Fussball und andere Randsportarten: Die ewige Kindheit

Nr. 44 –

Kopfbälle und Kirschensaft.

Zuweilen schauen wir in den Spiegel und stellen voller Verwunderung fest, dass wir älter geworden sind. Gegen die Zeit kommt niemand an, niemand, ausser dem Fussball. Jedes Fussballspiel ist eine Zeitinsel. Sobald ein Ball über den Rasen rollt, versetzt er alle Beteiligten zurück in die Kindheit. Wer dem Ball nachläuft, vergisst die Zeit und wird unabhängig von seinem Alter wieder zum Kind. Deswegen ist der Fussball ein ewiger Jungbrunnen.

Wie sich diese phänomenale Verwandlung des erwachsenen Menschen zum selbstvergessenen Kind im konkreten Fall äussern kann, lässt sich anhand einiger Vorkommnisse der letzten Wochen aufzeigen. Da war zunächst das Phantomtor des Bundesligastürmers Stefan Kiessling. Der Star von Bayer Leverkusen köpfte in einem Meisterschaftsspiel gegen Hoffenheim einen scharfen Ball knapp neben das Tor. Danach verhielt er sich, wie sich jeder Fussballer auf der ganzen Welt verhält, wenn er eine Chance versiebt.
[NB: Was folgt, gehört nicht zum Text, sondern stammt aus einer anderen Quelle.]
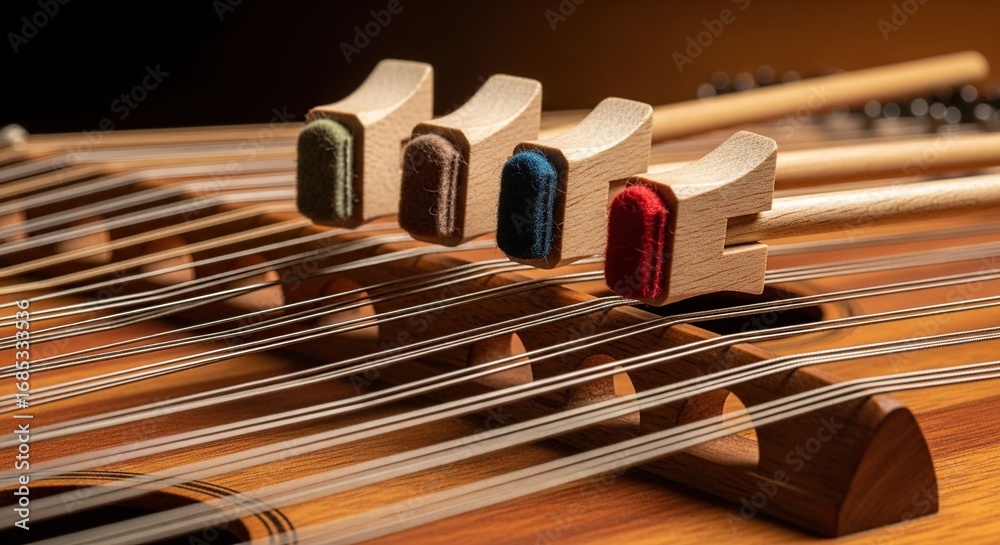 Naklejka premium Detailed View of a Traditional Hammered Dulcimer with Colorful Felt Mallets Resting on its Strings, Highlighting Musical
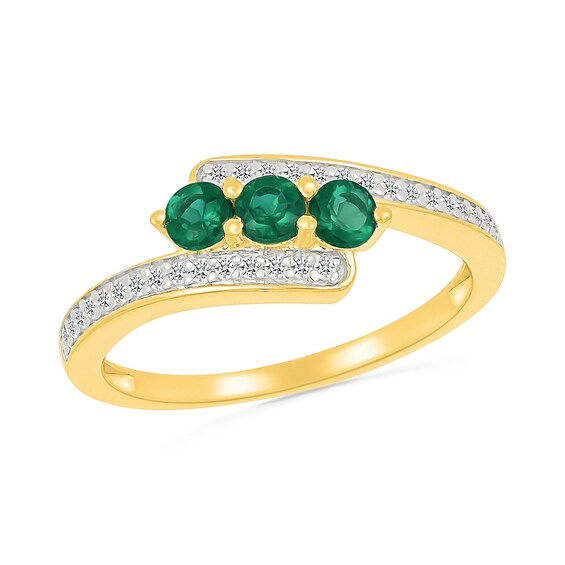 Lab-Created Emerald and 1/6 CT. T.w. Diamond Three Stone Bypass Ring in 10K Gold
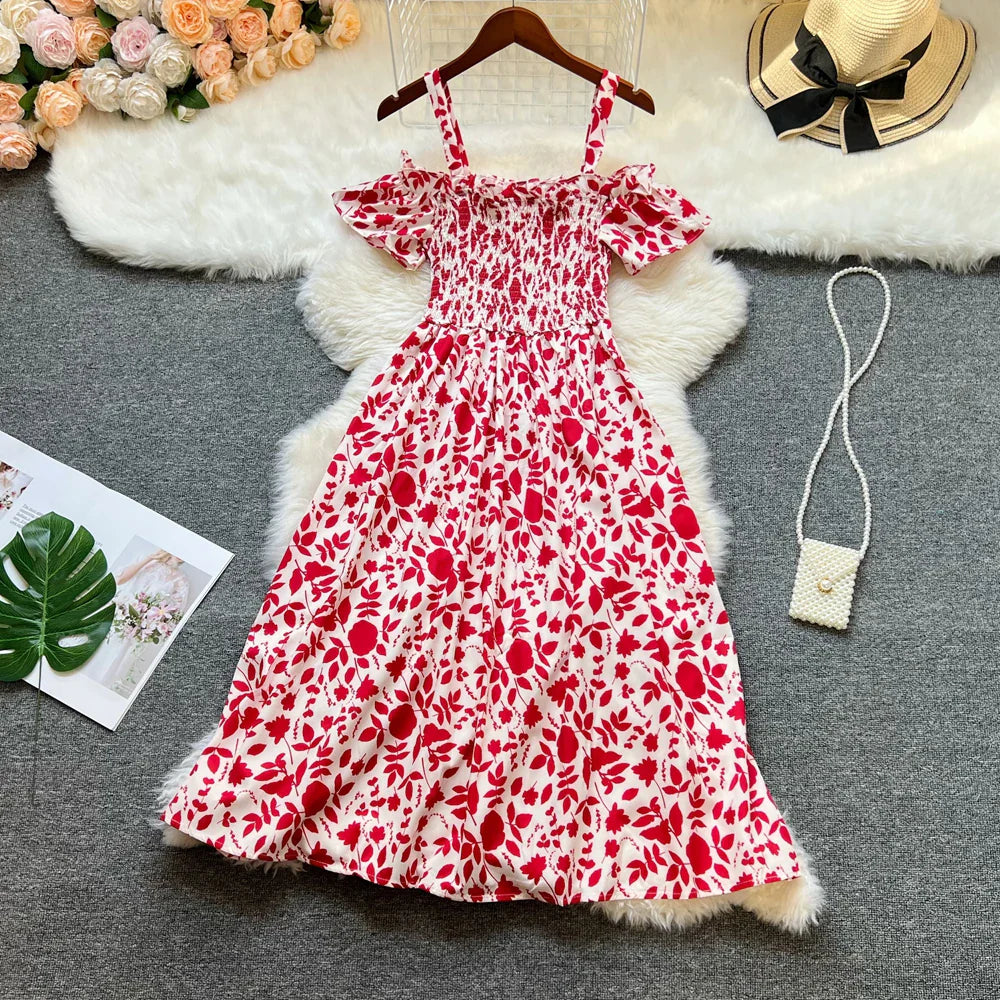 Floral Print Off Shoulder Summer Beach Dress For Women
Er drehte sich ab und hielt die Hände an den Kopf, als wollte er sagen: «Tamminondediö, sooo knapp!» Aber dann schlüpfte der Ball auf der Aussenseite durch das defekte Netz doch noch ins Tor und blieb dort liegen. Der Schiedsrichter, der offenbar nicht gesehen hatte, dass Stefan Kiesslings Kopfball daneben geflogen war, sah nun den Ball im Kasten ruhen und gab das Tor. Als Kiessling merkte, dass das Tor zählte, begann er erst sehr zögerlich und dann etwas entschiedener mit seinen Teamkollegen zu jubeln.

Wie das Kind, das sein Gesicht mit den Händen verbirgt und dann meint, weil es selbst nichts sieht, werde es auch von allen andern nicht mehr gesehen, stellte der Fussballstar die erlebte Wirklichkeit einfach beiseite, um sich der gewünschten Wirklichkeit hinzugeben. Und als er nach dem Spiel gefragt wurde, ob er denn nicht selbst gesehen habe, wie deutlich der Ball danebengegangen war, log er, ohne rot zu werden. Seine Aussage, er habe nicht genau gesehen, ob der Ball rein sei oder nicht, stand in krassem Widerspruch zu seiner Körpersprache unmittelbar nach dem Kopfball. Er log wie das Kind, dessen Mund und Hände von Kirschensaft rot eingefärbt sind und das behauptet, es habe keine Kirschen gestohlen.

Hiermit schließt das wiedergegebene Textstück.